The country’s sovereign credit rating was increased one level by Moody’s Investors Service to Baa1 yesterday, the third-lowest investment grade. The credit rating company cited stronger government institutions, increased diversification of the economy and a lower debt burden.
“It is no time to relax our efforts and the reform drive must continue or we may find ourselves being swept downstream by the ongoing global economic crisis,” Bheenick said today in an e-mailed response to questions.
Mauritius, with a population of about 1.3 million people, is reducing dependency on Europe by targeting Brazil, Russia, India, China and South Africa, the largest emerging markets, and the rest of Africa.
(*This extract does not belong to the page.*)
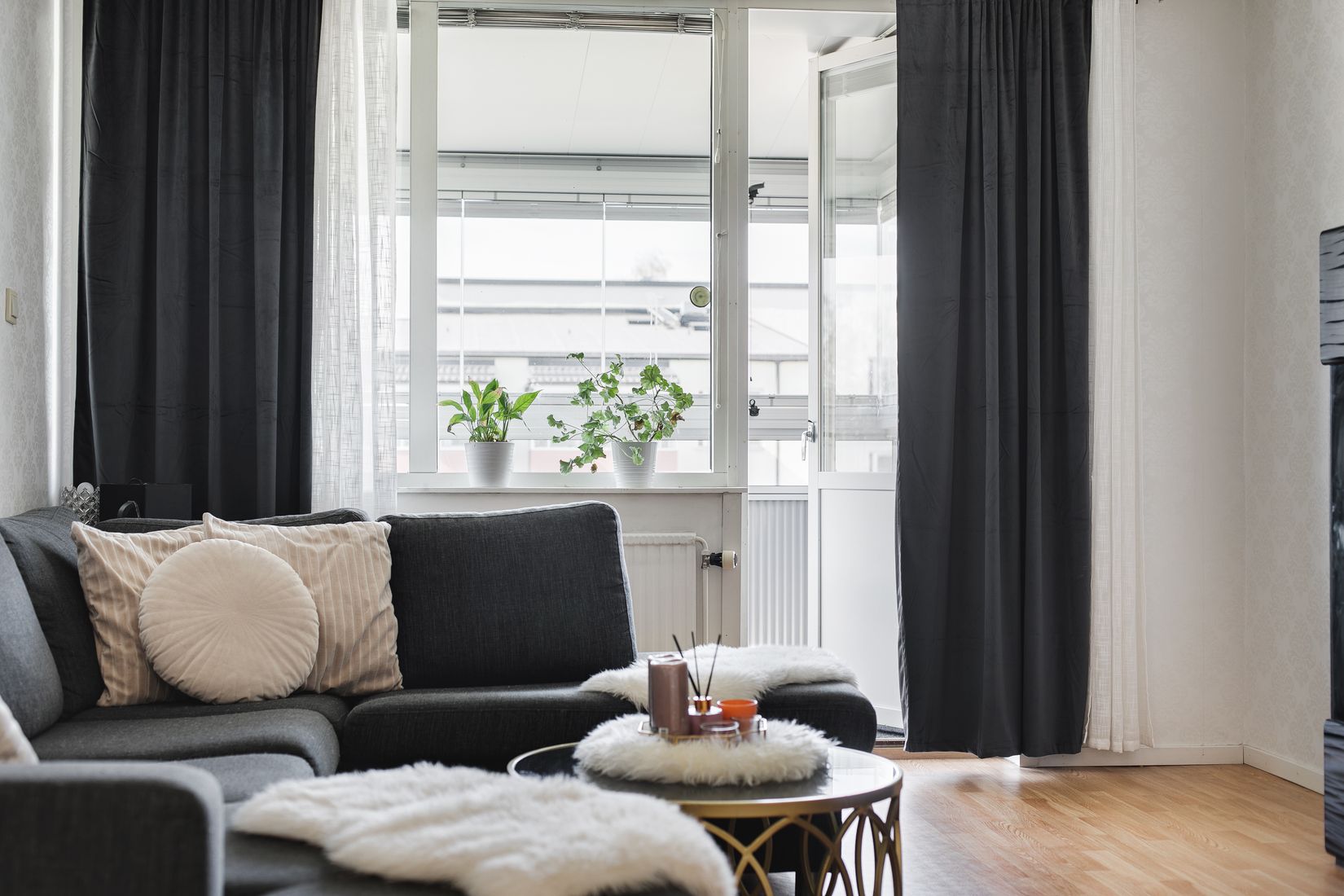 Bostadsrätt, Promenaden 4, Centralt / Barrsätra, Sandviken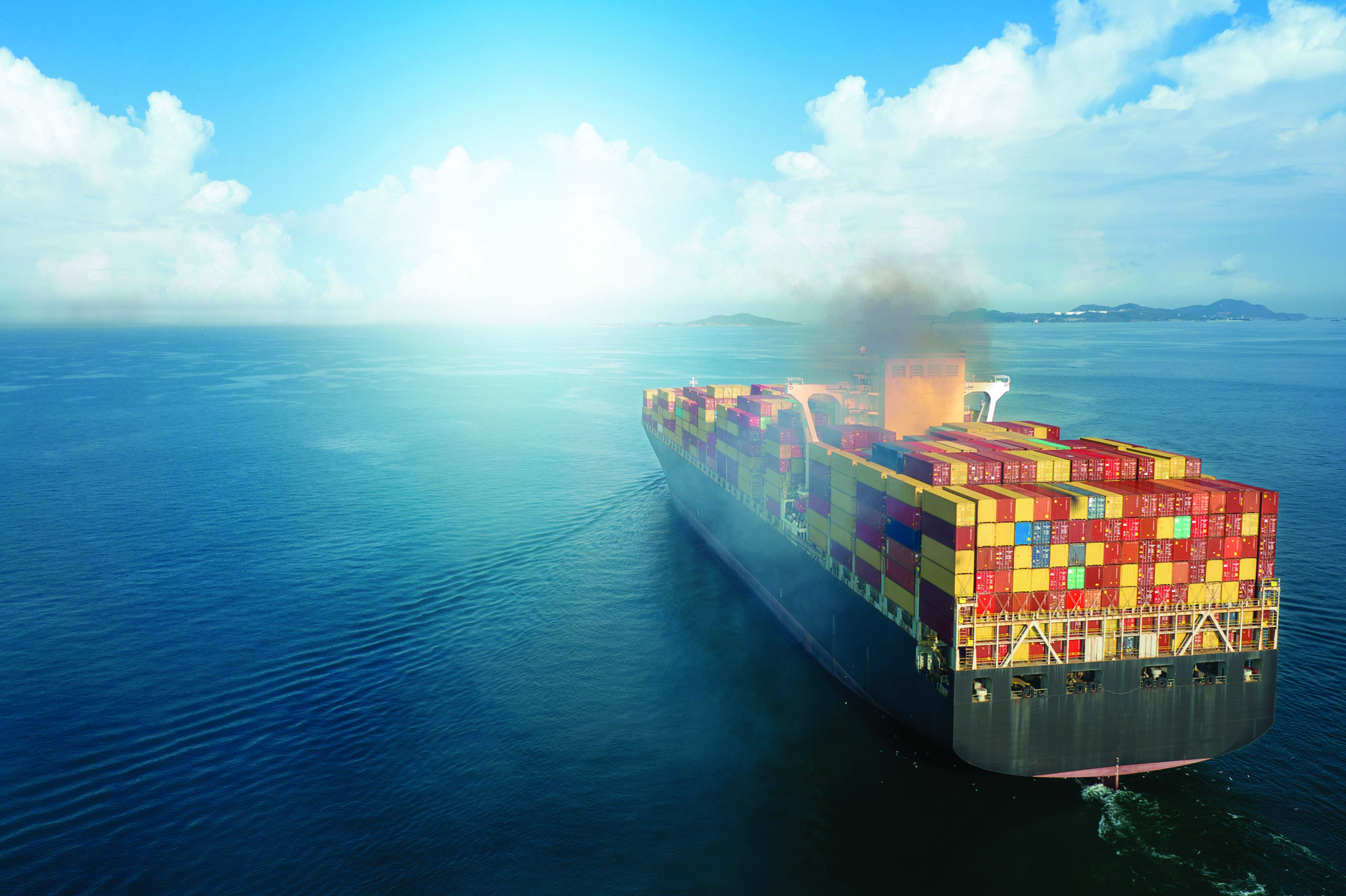 Marine infrastructure and shipping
The European debt crisis cut 1.5 percentage points from the country’s growth rate this year, which Bheenick forecast at 3.8 percent.
Mauritius is “actively transitioning the economy from a comparatively low-skilled exporter to that of a highly skilled service-based economy,” Aurelien Mali, a London-based analyst at Moody’s, wrote in a statement yesterday. “Progress in this area will mitigate the economy’s external vulnerabilities.”
The rupee appreciated as much as 1.1 percent and traded 0.8 percent stronger at 30.65 a dollar by 11:30 a.m., in Port Louis, the capital.
“It’s further proof that our economic, monetary and financial management is very much on top of the situation, which allows us to swim against the tide” at a time when many others are having their ratings cut, Bheenick said.
The central bank’s monetary policy committee left its benchmark interest rate at 4.9 percent on June 11, after two quarters of easing. At the end of May, government securities debt reached 139.6 billion rupees ($4.5 billion), 23 percent of which was short-term bills, data from the Bank of Mauritius shows. The country plans to issue 15.4 billion rupees of long-term bonds this year, the Finance Ministry said on February 22.
Moody’s said the country’s upgrade resulted from “the government’s significant progress in reducing it’s debt-servicing burden and improving its debt structure by lengthening maturities.”